-------- DATA TO EXAMINE

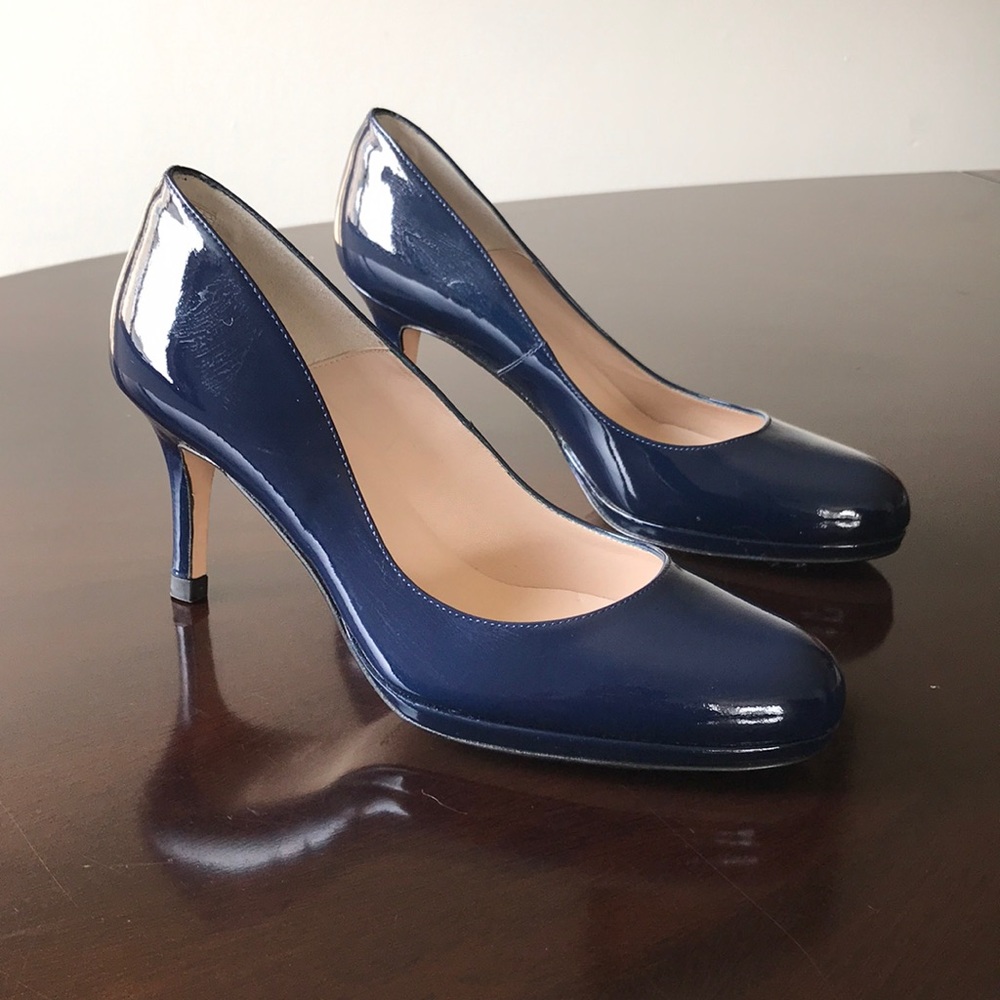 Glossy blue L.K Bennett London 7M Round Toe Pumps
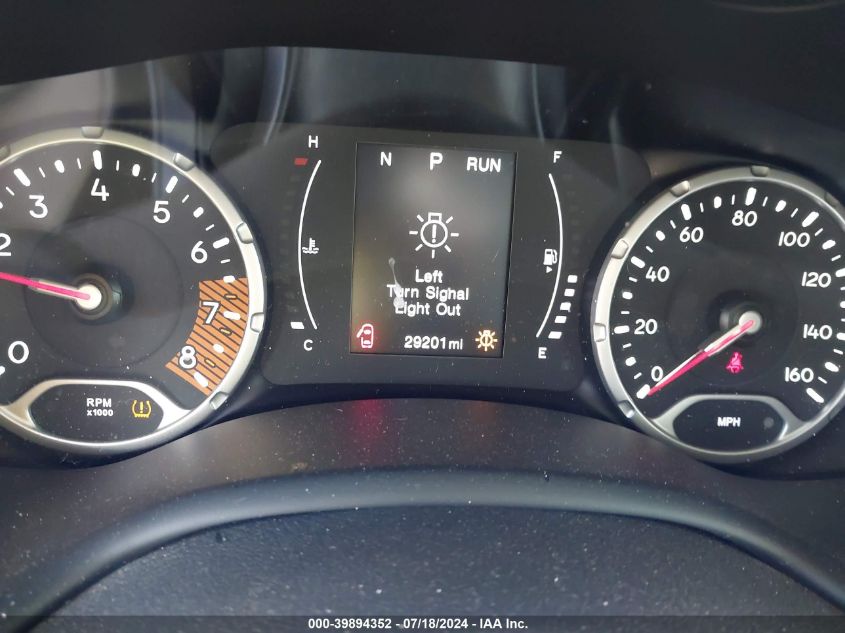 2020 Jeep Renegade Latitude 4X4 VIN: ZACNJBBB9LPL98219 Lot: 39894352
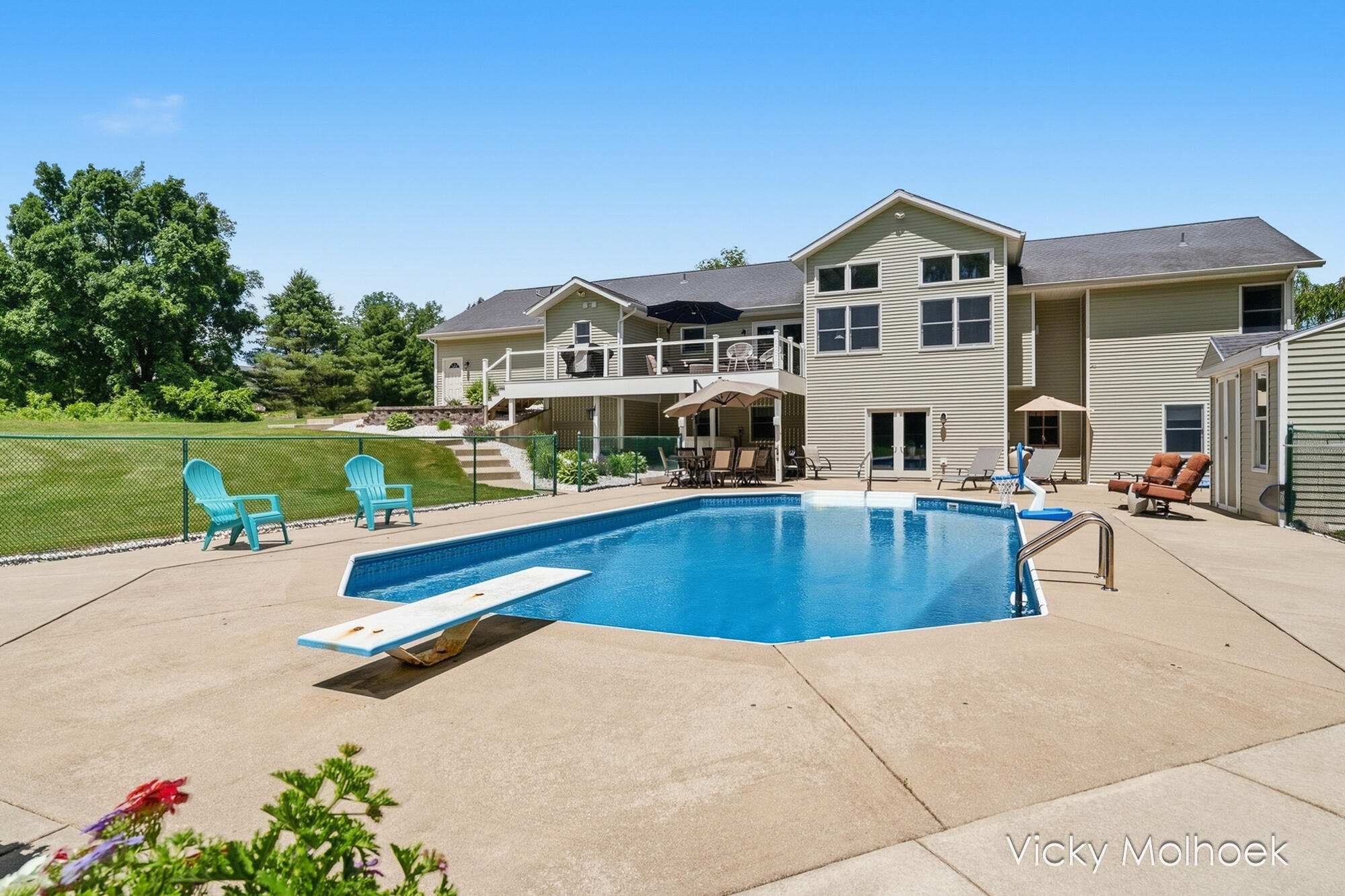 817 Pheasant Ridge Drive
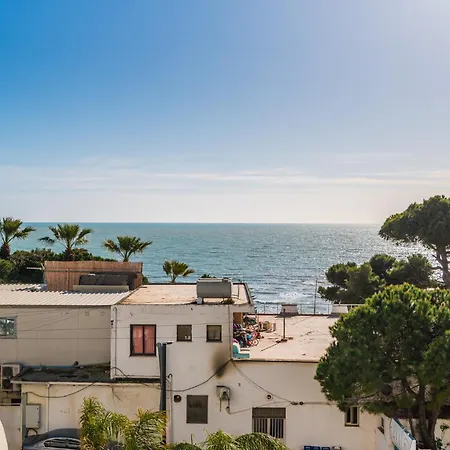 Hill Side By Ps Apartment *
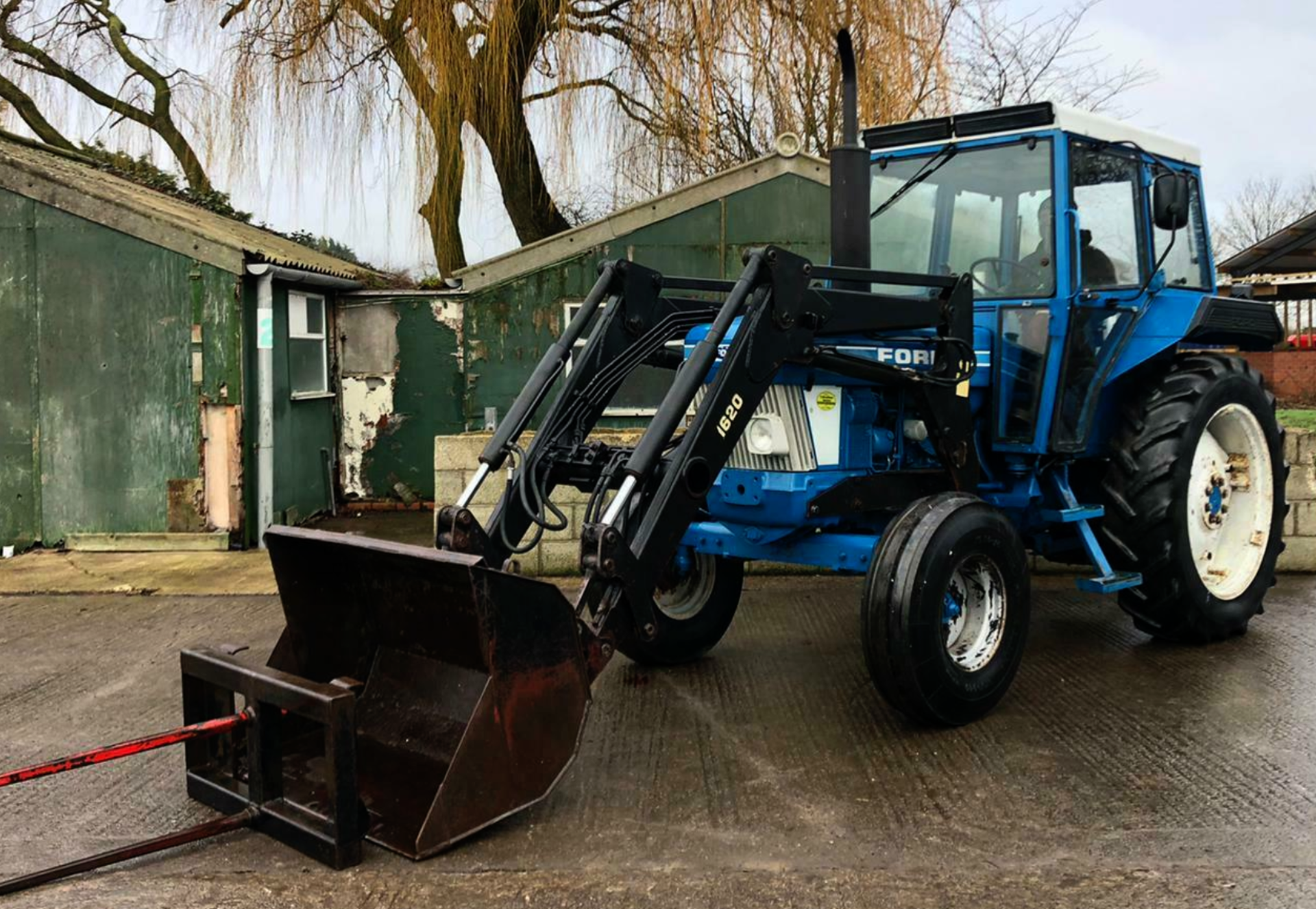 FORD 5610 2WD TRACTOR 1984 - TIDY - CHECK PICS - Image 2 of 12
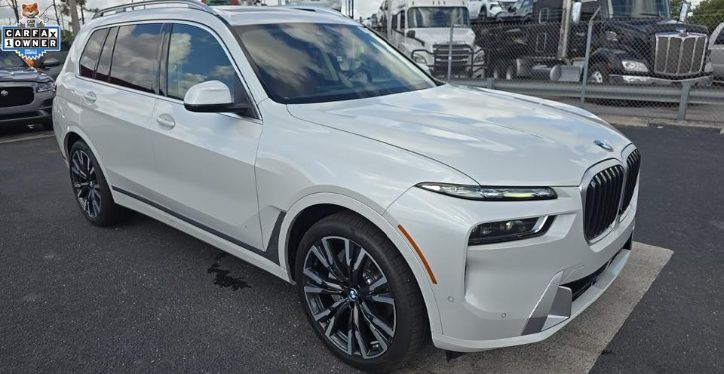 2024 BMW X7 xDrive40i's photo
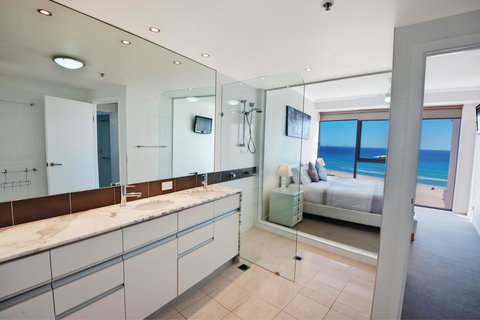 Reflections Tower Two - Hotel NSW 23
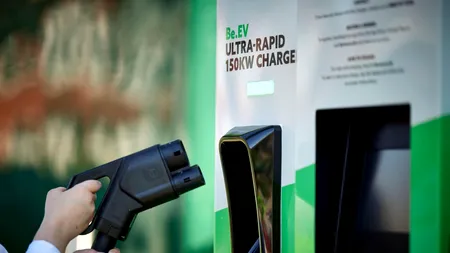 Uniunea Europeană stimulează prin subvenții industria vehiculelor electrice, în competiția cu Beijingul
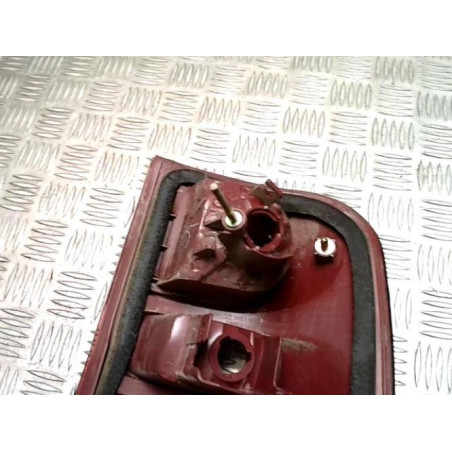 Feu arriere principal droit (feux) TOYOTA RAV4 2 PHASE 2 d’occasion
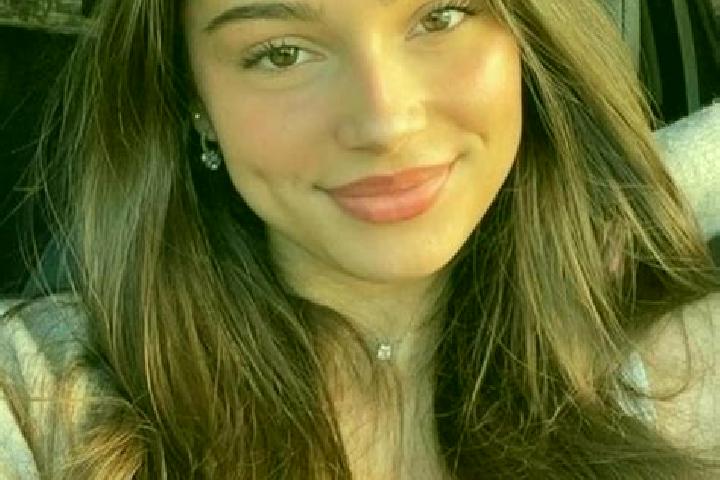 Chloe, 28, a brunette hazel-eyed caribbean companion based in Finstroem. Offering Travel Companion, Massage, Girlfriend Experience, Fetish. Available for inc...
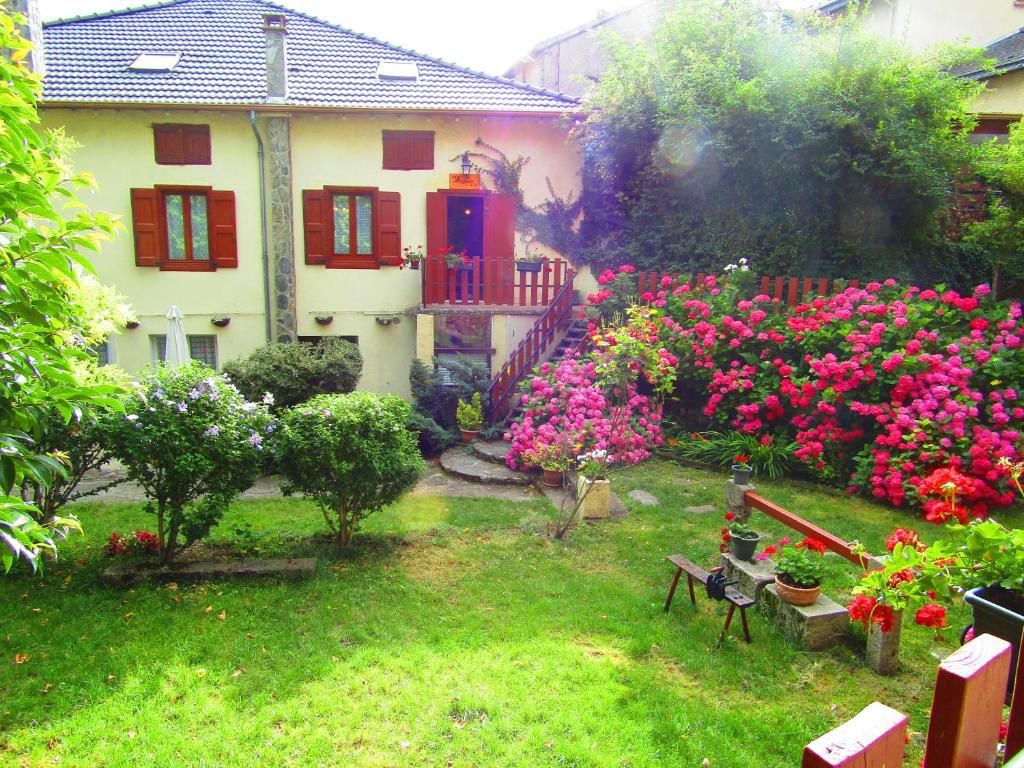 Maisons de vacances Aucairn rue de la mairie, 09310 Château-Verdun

----------------

→ **EXERCISE BRIEF**
Only the pictures are to be omitted; the records above must otherwise be reproduced exactly.

→ **YOUR RESPONSE**
 Glossy blue L.K Bennett London 7M Round Toe Pumps
 2020 Jeep Renegade Latitude 4X4 VIN: ZACNJBBB9LPL98219 Lot: 39894352
 817 Pheasant Ridge Drive
 Hill Side By Ps Apartment *
 FORD 5610 2WD TRACTOR 1984 - TIDY - CHECK PICS - Image 2 of 12
 2024 BMW X7 xDrive40i's photo
 Reflections Tower Two - Hotel NSW 23
 Uniunea Europeană stimulează prin subvenții industria vehiculelor electrice, în competiția cu Beijingul
 Feu arriere principal droit (feux) TOYOTA RAV4 2 PHASE 2 d’occasion
 Chloe, 28, a brunette hazel-eyed caribbean companion based in Finstroem. Offering Travel Companion, Massage, Girlfriend Experience, Fetish. Available for inc...
 Maisons de vacances Aucairn rue de la mairie, 09310 Château-Verdun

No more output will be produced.